About 3 years ago I started to notice that my main programming skills (C#) were not stretching as effectively into a new breed of products targeted at the everyday consumer (as opposed to enterprise consumers). With the ascendency of iOS and Android the skills I honed over years in Visual Studio were only marginally helpful and these devices seem to be springing up everywhere. So in contradiction to the CIL and CLR approach, the idea of becoming a true polyglot appears to be more important than ever.
So if you are of the iOS persuasion then your approach would inevitably turn to the Xcode IDE and Objective-c (now Swift of course) on a Mac. Having never owned a Mac (much to the chagrin of my better half) I have been left out of any serious iOS development thus far. In general the IDE has witnessed a slow hard climb into the light but the most recent updates have some decent improvements, including the live rendering at design time (critical for my work flow).
The recommended approach for Android is the Eclipse IDE in combination with Java (it also has plugins for C/C++, PHP and others) on Windows. For me the Eclipse IDE has many more parallels to Visual Studio than does the Xcode IDE. Additionally Eclipse has been around since 2004 so many of the features I expect within an enterprise level IDE are readily available.
Java is relatively easy for me to read, but what is even more familiar is the use of Android XML, it is appropriately different to XAML, but as long as you are comfortable with general XML schema you can quite confidently make changes inline if necessary.
android:text="Hello World!" />
Aside: I do find it fascinating that most larger companies (like mine) appear to prefer the notion of developer specialists which runs counter to the prevailing Sprint and DevOps influence. I wonder which approach will win out?
New Portability features in Visual Studio
The Visual Studio team is doing an increasingly brilliant job of embracing the diversity of the programming world especially as it relates to open source and the web. What I am finding more remarkable is the embrace of other platforms, for example, the new .NET Portability Analyzer helps you determine how flexible your application is across a variety of platforms (including Xamarin). I fully expect Xbox will be added to this list in the very near future to and thereby support a truly universal windows app concept. The .NET API Port team is eager for your feedback!

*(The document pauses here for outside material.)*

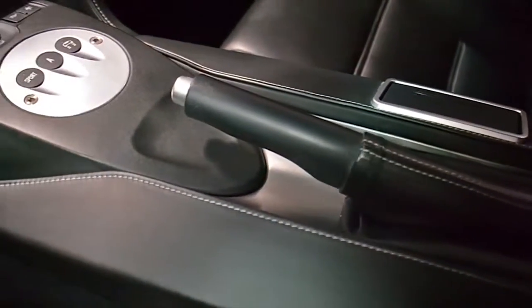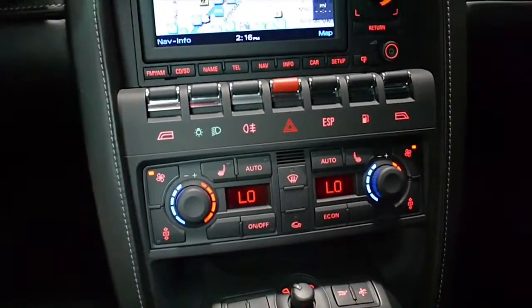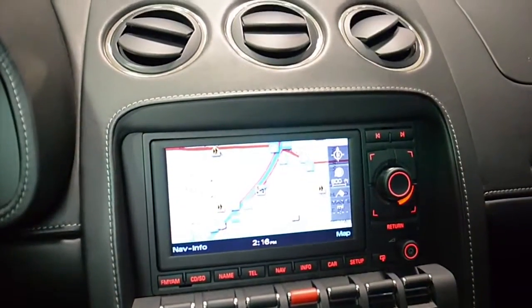This car has an original 2,900 miles on it and is like new. This is an exceptionally clean car that comes well-appointed, including navigation, rear camera, and home link system.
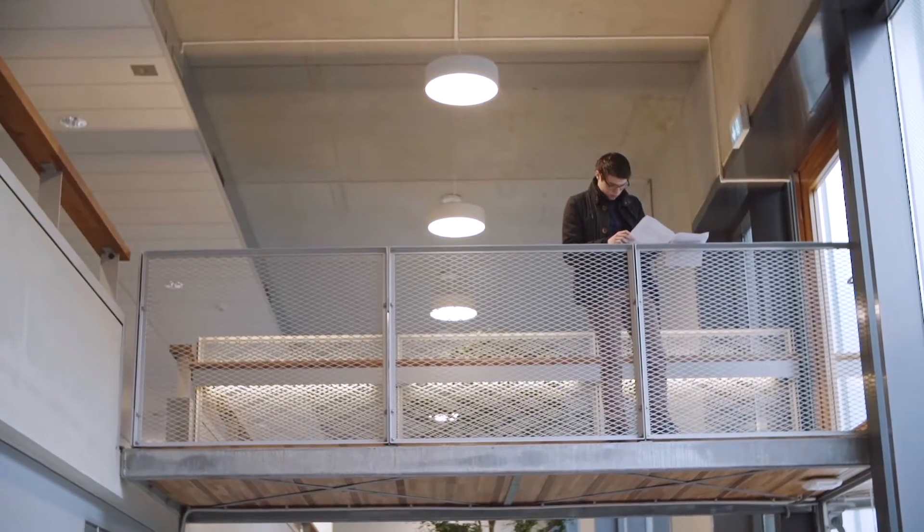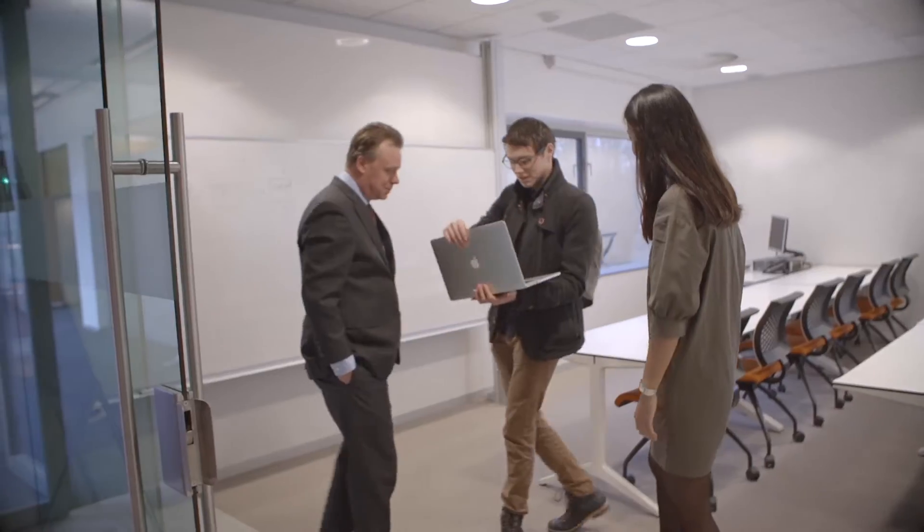I studied architecture engineering and I wanted to learn more about management. MOT bridges the gap between technology and management and it teaches you to speak both languages. That's why I chose to study MOT.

This is an interesting first step and I am hopeful that this is a positive harbinger of collaborations to come.
Ultimate Portability in Xamarin
I have a growing appreciation for folks who write brilliant software and further have the discipline to write text to explain concepts clearly and articulately. In my chosen profession then, I hold Charles Petzold in the highest regard. I have read most of his books and follow his blog with some interest, while he blogs more about music these days it is still generally fascinating stuff (he actually encouraged folks to go see Atlanta Orchestra while at a Microsoft conference, it was quite brilliant!).
His seminal book, Programming Windows, laid the foundation for me and many Windows programmers of my generation. So of course I was then pleasantly surprised to see him working full time for the Xamarin team, writing a new book (“Creating Mobile Apps with Xamarin.Forms”). For me this upcoming book is like a bellwether for future mobile development practices for traditional Windows developers. I was initially skeptical that you could make compelling products across multiple platforms from a single IDE but I am seeing more and more evidence that this approach is both practical and indeed optimal.
No. 1 iPad app in the store is built using @xamarinhq - if that doesn't drive it home that #Xamarin has arrived, not sure what could.— John Sprunger (@johnsprunger) August 15, 2014
So what is your approach? Are you conversant in multiple languages and multiple IDEs? Or are you relying on Xamarin and C# as *the* approach?